As for my prototypes, I am writing this on a connection so slow that a page load can be ten minutes, if it’s a picture, and mostly the server boots me before the picture ever gets uploaded. A
ccidentally cut phone line, so my usually very good broadband is stone dead.I’ve cut off the laundry rack, and am building two more larger single-axis articulating motor mounts for the first bird. Just too ugly, too draggy with all that junk hanging out in the breeze. I just sent the ply off to the laser cutter today. But the second, smaller bird is ready, and so am I.
Will try to upload a picture again.
Hooray! It worked. The blue one in back is going to be retrofitted with articulating motor mounts- yaw in front and pitch in rear.
Sorry for the long post, but Happy Sunday’s software deserves a decent shot at description–it’s good.
OK, I finally have Qground control up and running. Took 5+ hours to download. If you can point me toward the manual, I’d be grateful.
I see. Of course the code is martian to me, but the idea is clear.
Yes, the articulating motors are different, and should be fun, and very powerful. Using a pilot/airframe reference mode,need a mixer that will allow input from all basic flight controls- pitch, two servos, yaw, again two servos, but roll (in hover mode) is a rather strange idea. it will work if the system has good z-axis stabilization. I need to mix the elevon roll control inputs with the motors so a stick or stabilization roll input will control the elevons as usual but the motors also.One motor will speed up slightly, and the other will slow a bit. We will l be using torque differential for roll control in hover There’s a good deal of airflow over the elevons in hover from the front motor, so they will help.
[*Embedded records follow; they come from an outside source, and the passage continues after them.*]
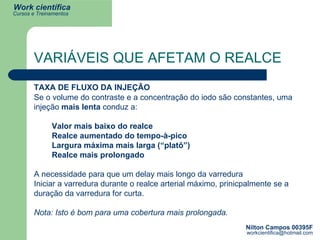 VARIÁVEIS QUE AFETAM O REALCE Se o volume do contraste e a concentração do iodo são constantes, uma injeção  mais lenta  conduz a:  Valor mais baixo do realce  Realce aumentado do tempo-à-pico  Largura máxima mais larga (“platô”)  Realce mais prolongado A necessidade para que um delay mais longo da varredura  Iniciar a varredura durante o realce arterial máximo, prinicpalmente se a duração da varredura for curta. Nota: Isto é bom para uma cobertura mais prolongada.  TAXA DE FLUXO DA INJEÇÃO 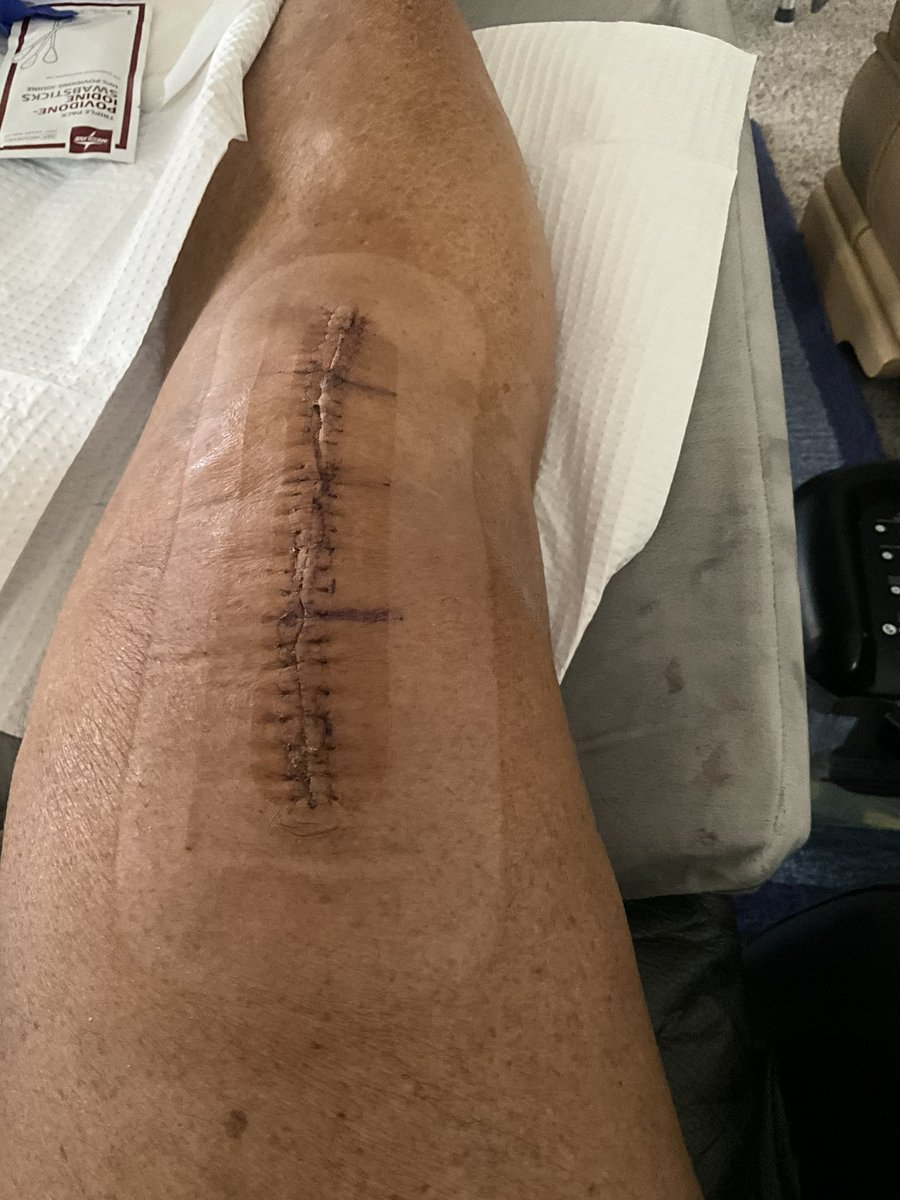 Butch Baccala tweet media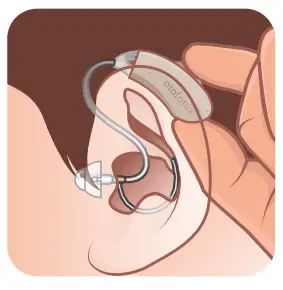 otofonix Encore Hearing Aid Hearing Amplifier for Ear-Tips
The idea works- I found that out on the FX-61 variant (blue bird). A change in the prop size of one engine produced a roll component that I had to trim out, but that was enough to produce sufficient roll, I think. The power changes will need to be small, but the elevons are not large enough or properly placed to do the job alone.
I really like the in-line motors, because one can shut off the front motor and run far more efficiently on the rear for cruise.